Question

The points of intersection of three lines \(2X + 3Y - 5 = 0\), \(5X - 7Y + 2 = 0\) and \(9X - 5Y - 4 = 0\).

• A. form a triangle
• B. are on lines perpendicular to each other
• C. are on lines parallel to each other
• D. are coincident

Hint:

When solving system of linear equations, always check if the points of intersection are distinct to determine if they form a triangle.

Answer 1

The Correct Option is A

To check the relationship between the three lines, we first find the points of intersection. Let's solve the system of two equations at a time to find the points. Step 1: Solve the first and second equation \(2X + 3Y - 5 = 0\) and \(5X - 7Y + 2 = 0\). \[ 2X + 3Y = 5 \quad \text{(1)}
5X - 7Y = -2 \quad \text{(2)} \] Multiply (1) by 5 and (2) by 2 to eliminate \(X\): \[ 10X + 15Y = 25 \quad \text{(3)}
10X - 14Y = -4 \quad \text{(4)} \] Subtract (4) from (3): \[ (10X + 15Y) - (10X - 14Y) = 25 - (-4)
29Y = 29 \Rightarrow Y = 1 \] Substitute \(Y = 1\) into equation (1): \[ 2X + 3(1) = 5 \quad \Rightarrow 2X + 3 = 5 \quad \Rightarrow 2X = 2 \quad \Rightarrow X = 1 \] So, the point of intersection of the first two lines is \((1, 1)\).
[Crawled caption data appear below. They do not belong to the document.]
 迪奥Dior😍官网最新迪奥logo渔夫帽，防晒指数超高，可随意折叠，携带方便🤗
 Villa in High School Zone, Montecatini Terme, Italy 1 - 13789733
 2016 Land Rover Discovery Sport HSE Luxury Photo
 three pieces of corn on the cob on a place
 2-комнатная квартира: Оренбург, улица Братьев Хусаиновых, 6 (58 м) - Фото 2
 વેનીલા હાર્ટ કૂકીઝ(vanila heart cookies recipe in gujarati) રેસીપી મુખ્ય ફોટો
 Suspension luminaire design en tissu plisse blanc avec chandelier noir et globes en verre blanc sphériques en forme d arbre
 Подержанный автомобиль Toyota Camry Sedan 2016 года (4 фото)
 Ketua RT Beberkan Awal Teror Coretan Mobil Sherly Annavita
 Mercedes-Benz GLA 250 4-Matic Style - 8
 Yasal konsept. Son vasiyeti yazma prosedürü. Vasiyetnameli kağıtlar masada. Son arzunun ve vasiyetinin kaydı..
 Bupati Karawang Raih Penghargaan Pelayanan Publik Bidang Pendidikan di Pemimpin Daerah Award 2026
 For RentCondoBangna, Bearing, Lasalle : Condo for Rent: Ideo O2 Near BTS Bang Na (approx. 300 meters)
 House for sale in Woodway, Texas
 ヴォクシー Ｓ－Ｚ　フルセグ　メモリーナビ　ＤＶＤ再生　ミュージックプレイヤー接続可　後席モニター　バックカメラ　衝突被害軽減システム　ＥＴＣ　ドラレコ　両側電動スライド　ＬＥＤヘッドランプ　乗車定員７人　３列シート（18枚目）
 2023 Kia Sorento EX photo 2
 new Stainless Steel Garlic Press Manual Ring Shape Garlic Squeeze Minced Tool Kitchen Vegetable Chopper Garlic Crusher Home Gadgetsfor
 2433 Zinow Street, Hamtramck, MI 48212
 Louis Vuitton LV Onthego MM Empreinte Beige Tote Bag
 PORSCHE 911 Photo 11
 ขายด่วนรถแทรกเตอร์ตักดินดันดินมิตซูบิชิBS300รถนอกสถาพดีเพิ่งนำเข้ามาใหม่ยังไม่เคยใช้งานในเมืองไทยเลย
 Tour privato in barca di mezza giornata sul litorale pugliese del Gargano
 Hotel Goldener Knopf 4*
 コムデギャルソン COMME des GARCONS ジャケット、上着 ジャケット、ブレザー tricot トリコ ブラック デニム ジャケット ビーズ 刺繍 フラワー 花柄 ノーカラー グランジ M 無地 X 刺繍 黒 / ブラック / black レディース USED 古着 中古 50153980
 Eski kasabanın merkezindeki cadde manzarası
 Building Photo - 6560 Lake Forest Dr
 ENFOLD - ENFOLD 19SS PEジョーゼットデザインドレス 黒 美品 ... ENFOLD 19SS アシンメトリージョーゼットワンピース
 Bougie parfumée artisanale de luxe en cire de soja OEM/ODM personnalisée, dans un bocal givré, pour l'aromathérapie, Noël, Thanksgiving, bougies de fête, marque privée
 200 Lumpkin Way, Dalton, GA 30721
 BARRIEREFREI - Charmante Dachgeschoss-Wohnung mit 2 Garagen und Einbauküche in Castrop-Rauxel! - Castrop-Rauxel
Step 2: Now solve the second and third equation \(5X - 7Y + 2 = 0\) and \(9X - 5Y - 4 = 0\). \[ 5X - 7Y = -2 \quad \text{(5)}
9X - 5Y = 4 \quad \text{(6)} \] Multiply (5) by 9 and (6) by 5: \[ 45X - 63Y = -18 \quad \text{(7)}
45X - 25Y = 20 \quad \text{(8)} \] Subtract (8) from (7): \[ (45X - 63Y) - (45X - 25Y) = -18 - 20
-38Y = -38 \Rightarrow Y = 1 \] Substitute \(Y = 1\) into equation (5): \[ 5X - 7(1) = -2 \quad \Rightarrow 5X - 7 = -2 \quad \Rightarrow 5X = 5 \quad \Rightarrow X = 1 \] So, the point of intersection of the second and third lines is also \((1, 1)\). Step 3: Finally, check if these lines are not coincident. Since the points of intersection of all three lines are the same, the lines are not coincident. They form a triangle. Thus, the answer is: a. form a triangle.